(Brief descriptive captions)
▬▬▬▬▬▬▬▬▬▬
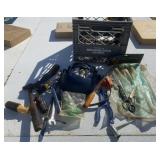 Milk Crate Full of Tools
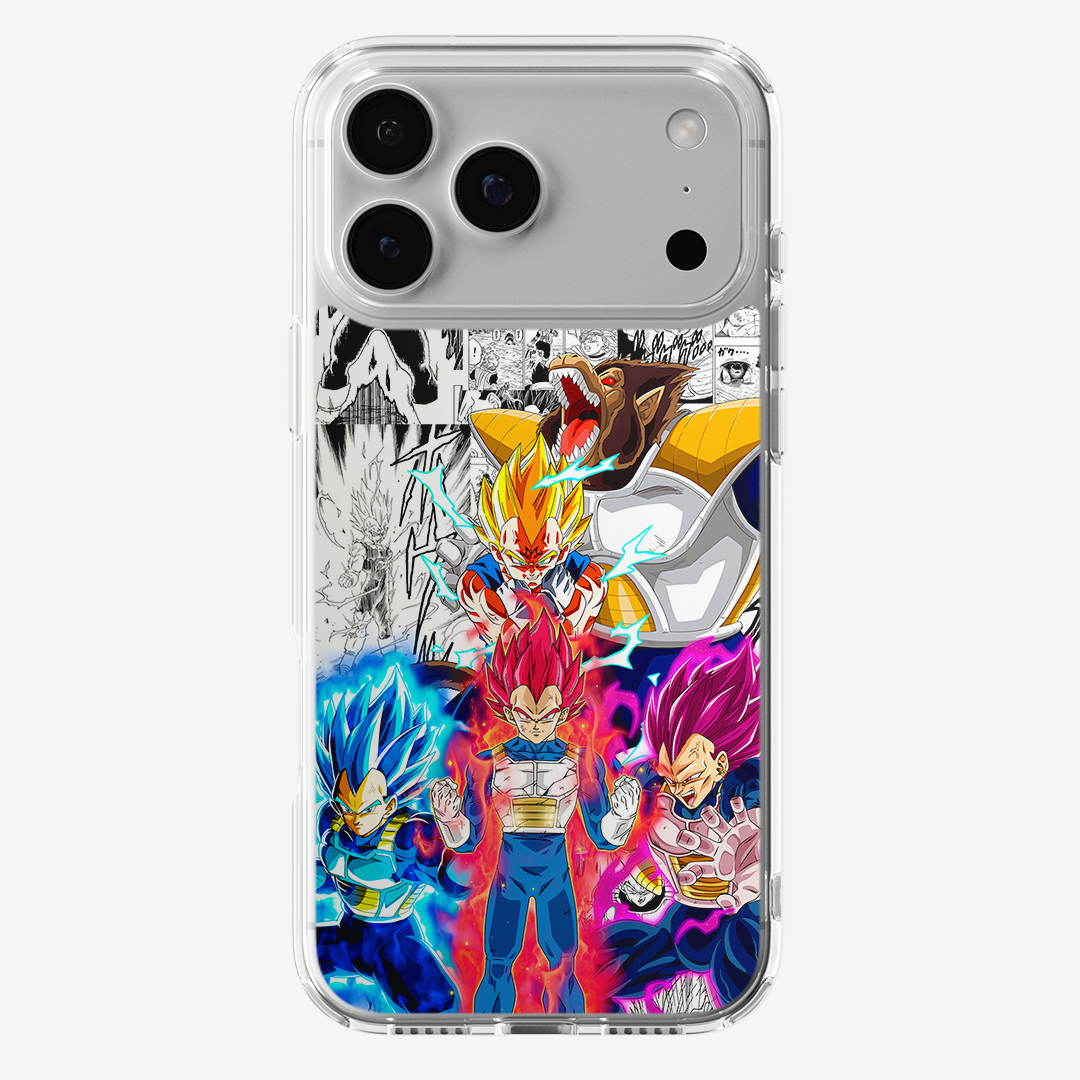 Funda Vegeta - D12 (Dragon Ball) - Kiracases by Pulso creativo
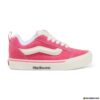 Giày Vans Knu Skool Retro Pink True White VN0009QCBJ1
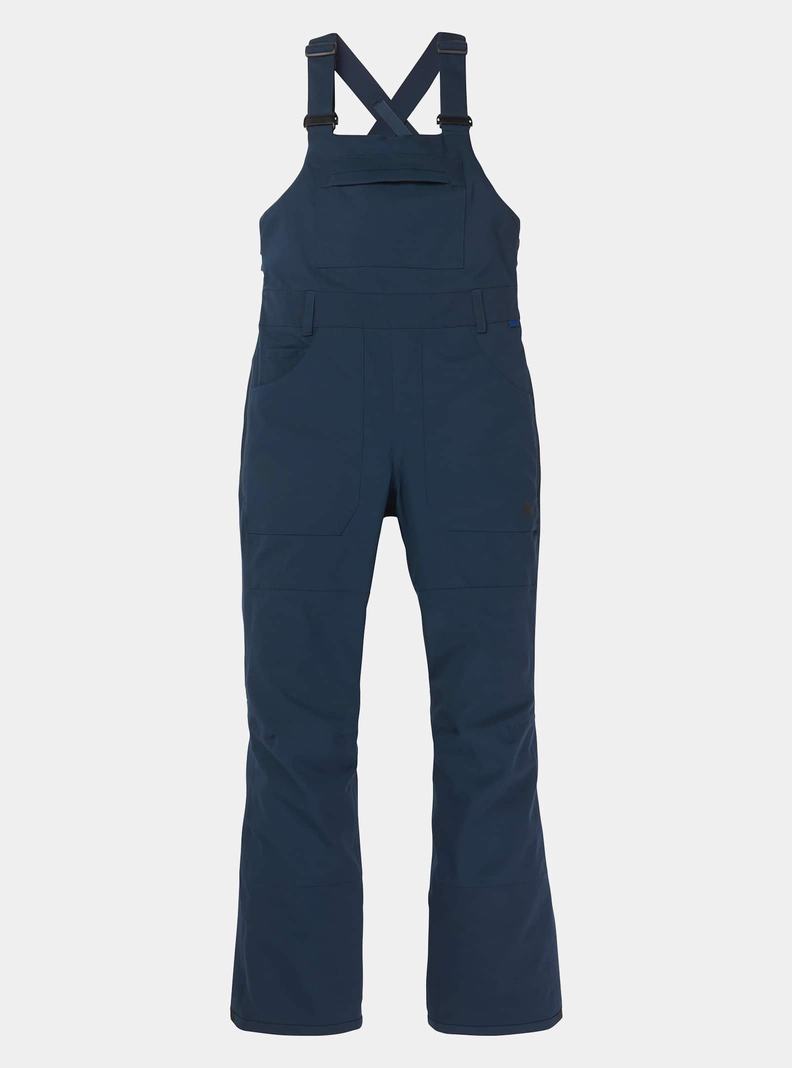Burton Avalon 2L (Hohe) Latzhose Damen Blau | 673-YHZJQW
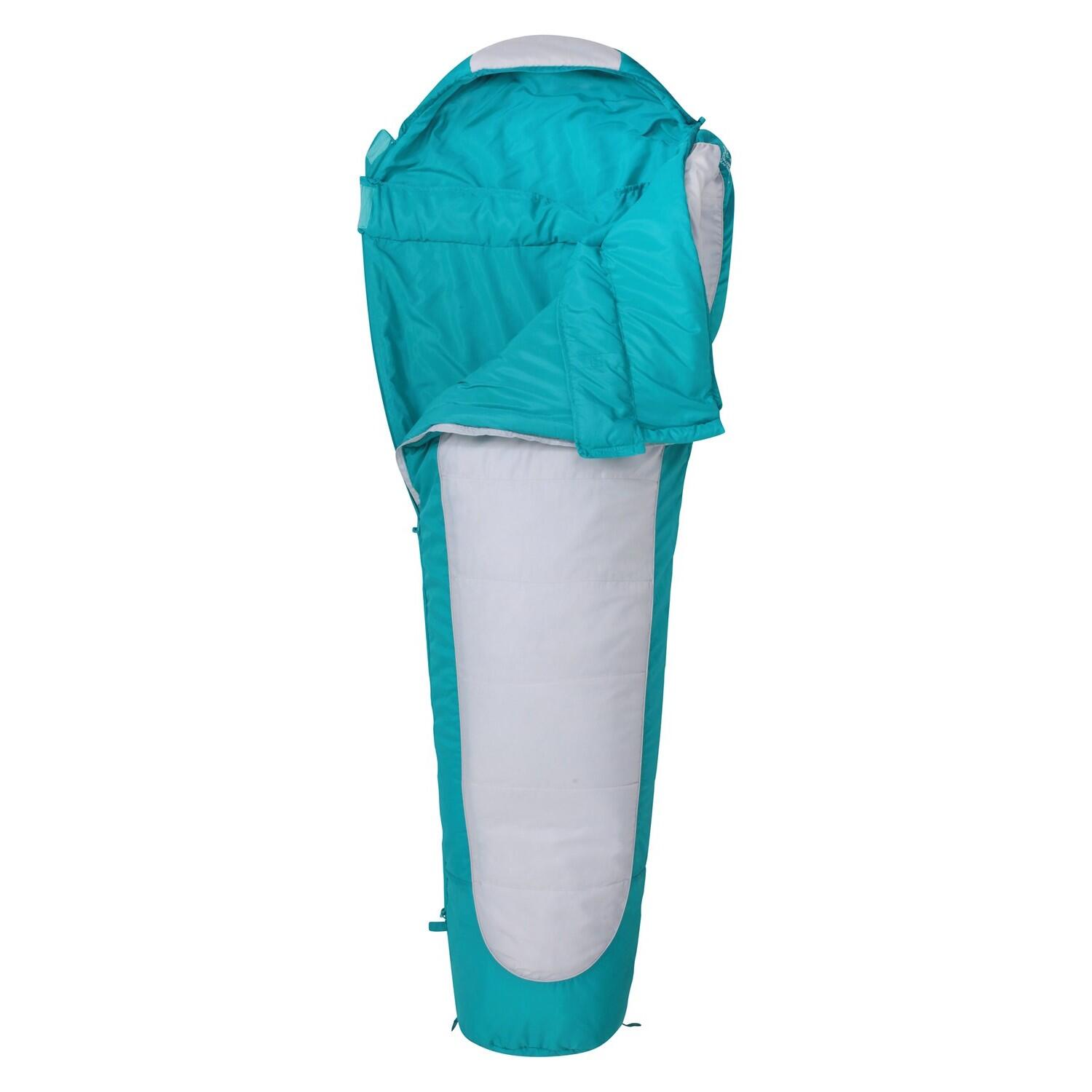 Microlite 950 Left Zip Midseason Mummy Sleeping Bag (Grey) 3/3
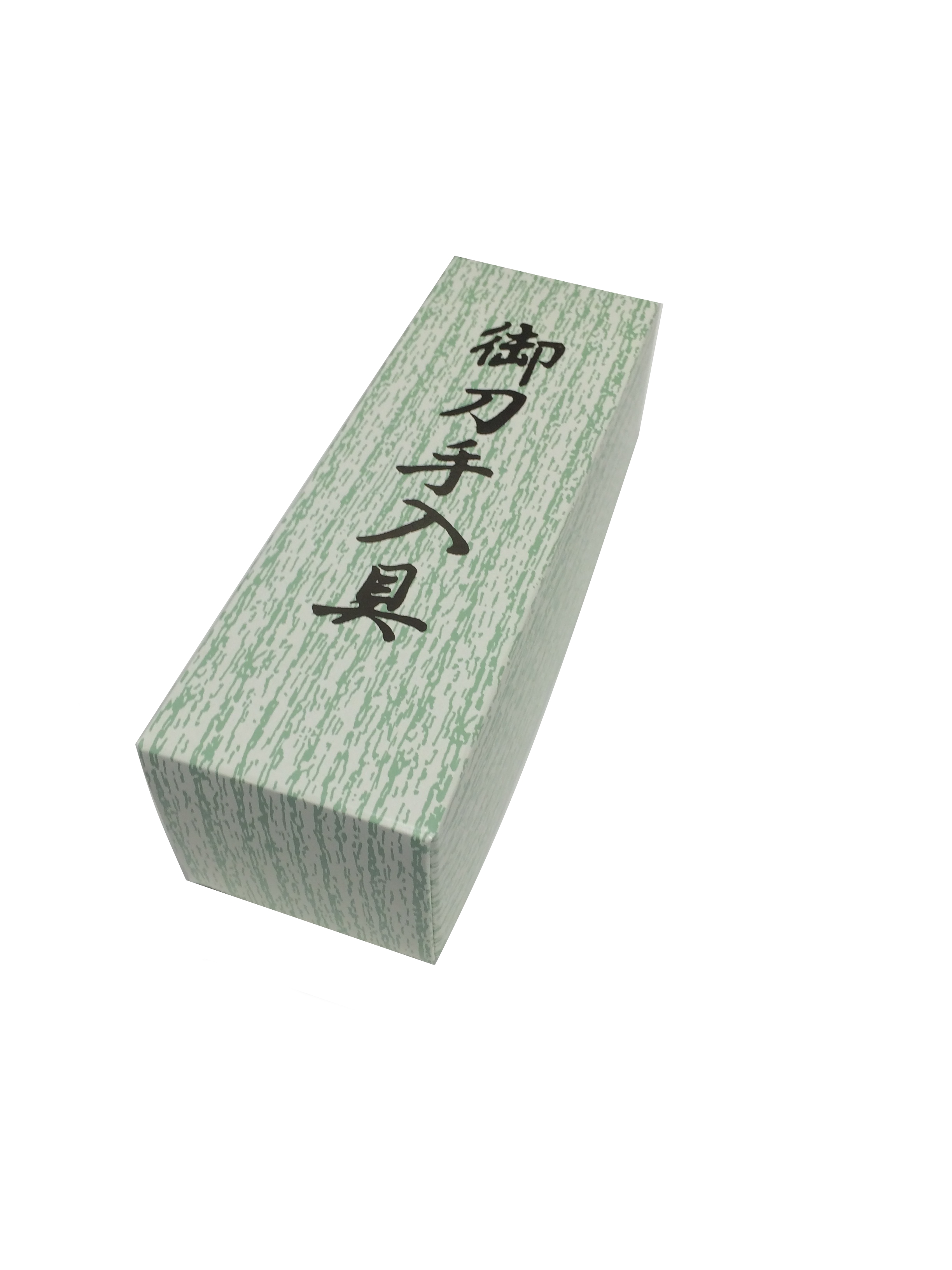 Schwertpflegeset Papp-Box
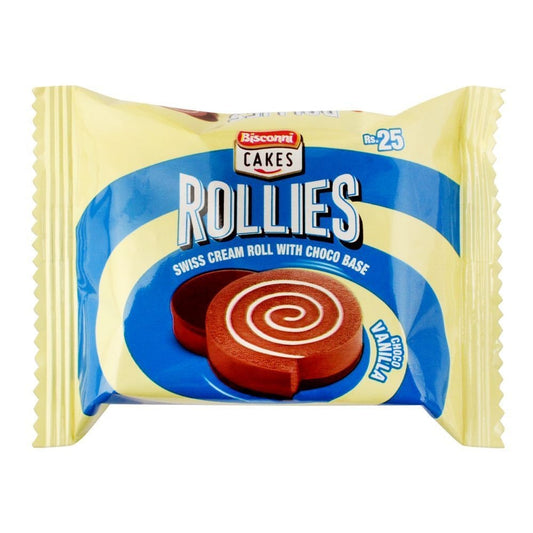 Bisconni Rollies Swiss Cake Roll Box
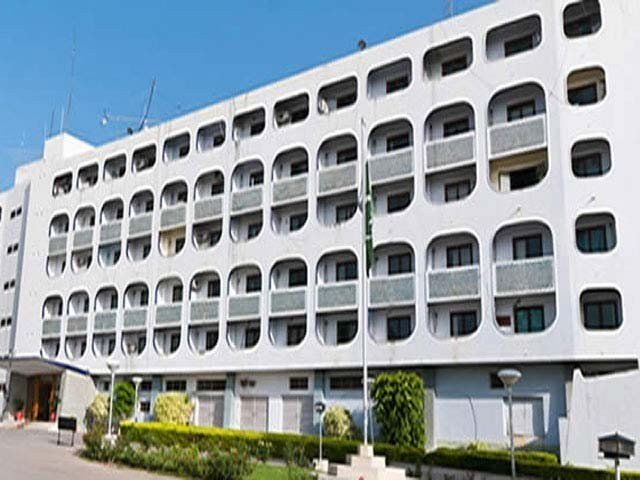 کورونا سے بچاؤ کیلیے وزارت خارجہ میں خصوصی ٹاسک فورس قائم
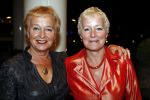 Amsterdam 13 september 2008
Modeshow Mart Visser in het Hilton hotel.
 Judith Bosch met zus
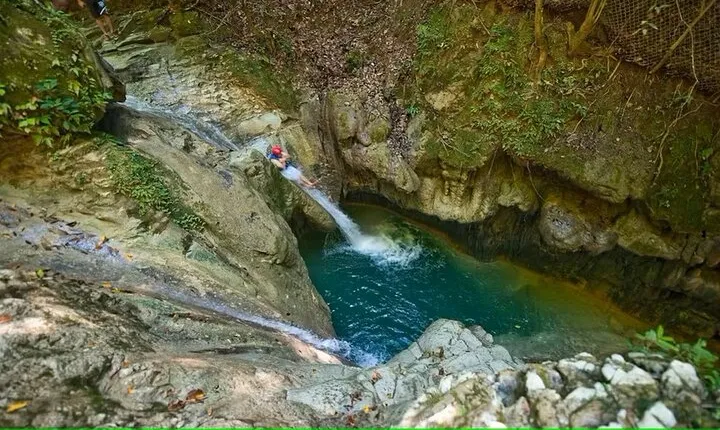 Countryside Tour and Damajagua Waterfalls Hike with Lunch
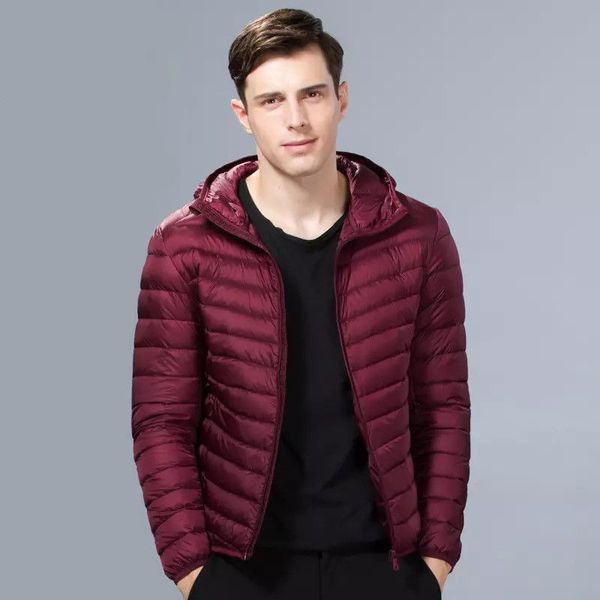 s-5xl stand collar hooded autumn and winter 2020 new large lightweight down jaet men's korean slim fit short jaet, Black
s-5xl stand collar hooded autumn and winter 2020 new large lightweight down jaet men's korean slim fit short jaet, Black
▬▬▬▬▬▬▬▬▬▬
**EXERCISE DESCRIPTION:** Every record above should be set down exactly, with the pictures left out.

**EXERCISE RESPONSE:**
 Milk Crate Full of Tools
 Funda Vegeta - D12 (Dragon Ball) - Kiracases by Pulso creativo
 Giày Vans Knu Skool Retro Pink True White VN0009QCBJ1
Burton Avalon 2L (Hohe) Latzhose Damen Blau | 673-YHZJQW
 Microlite 950 Left Zip Midseason Mummy Sleeping Bag (Grey) 3/3
 Schwertpflegeset Papp-Box
 Bisconni Rollies Swiss Cake Roll Box
 کورونا سے بچاؤ کیلیے وزارت خارجہ میں خصوصی ٹاسک فورس قائم
 Amsterdam 13 september 2008
Modeshow Mart Visser in het Hilton hotel.
 Judith Bosch met zus
 Countryside Tour and Damajagua Waterfalls Hike with Lunch
 s-5xl stand collar hooded autumn and winter 2020 new large lightweight down jaet men's korean slim fit short jaet, Black
s-5xl stand collar hooded autumn and winter 2020 new large lightweight down jaet men's korean slim fit short jaet, Black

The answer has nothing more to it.